Folio Weekly: How long and in what capacity have you guys known each other?
Pete Donnelly: I've known of Juston here in Philly for a long time because of his history as Dr. Dog's drummer. As a fellow rhythm guy who's also a songwriter, I could relate to him starting his own band, whose soulful, early rock sound and great energy I love. I don't like it when music lacks fun. Songs can be dark, heavy and twisted, but performing music should be joyful.
Juston Stens: I've only known Pete in person for a month, but we have lots of similarities. We've both played with different groups for a long time, but that clearly isn't the end of our musical lives. Sometimes you just love it so much that you can't stop, and I definitely see that in him. We're destined to do this. Our sound is pretty complementary, as well. My band might be messier or louder or have more vocal harmonies than his, but through and through, it's all rock 'n' roll. We're a pretty good match.
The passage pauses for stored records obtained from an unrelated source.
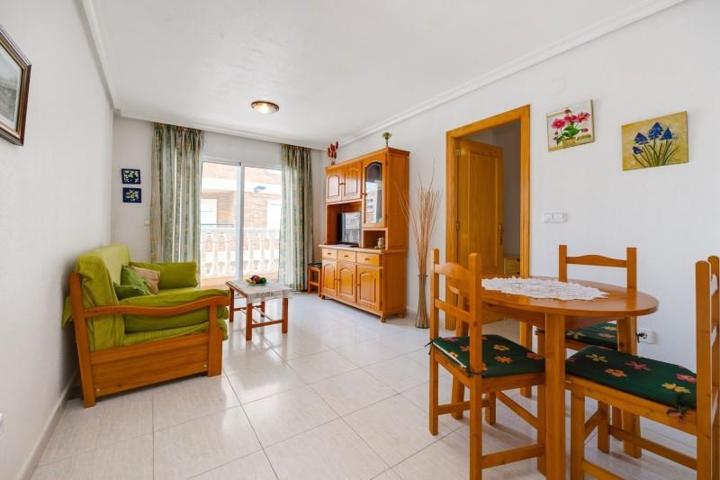Piso en venta en Torrevieja, Baix Segura photo 0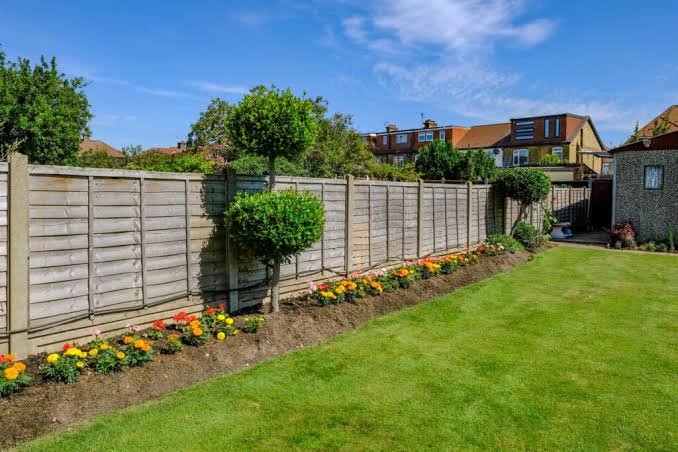 Questions to Ask Before Hiring a Fence Company in Burlington Hiring a Fence Company in Burlington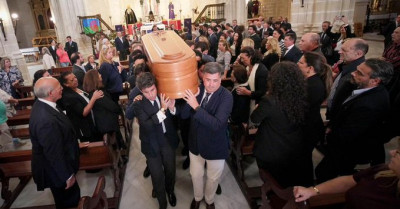 Sacan a hombros el féretro Funeral Rafael de Paula.jpg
F.W.: Talk about each of your respective experiences playing with a band before branching out as a solo artist.
P.D.: It's great for me because I don't have to commit to anyone's agenda. Playing by yourself is a solitary mission, and I like being able to take advantage of that. I'm trying to explore something new, which I really went for on my new record ["Face the Bird"].
J.S.: Musically, if you can play two instruments, that's going to give you an edge. Pete's a hell of a guitar player, but a lot of his rhythm and feel comes from other things he's played. Some people love being in the background of band, but for me, this is the first project that feels honest, close to home and personal.
F.W.: Both of you have recorded your most recent albums in unconventional ways. Juston, tell us about "Share the Road," which comes out next spring, right?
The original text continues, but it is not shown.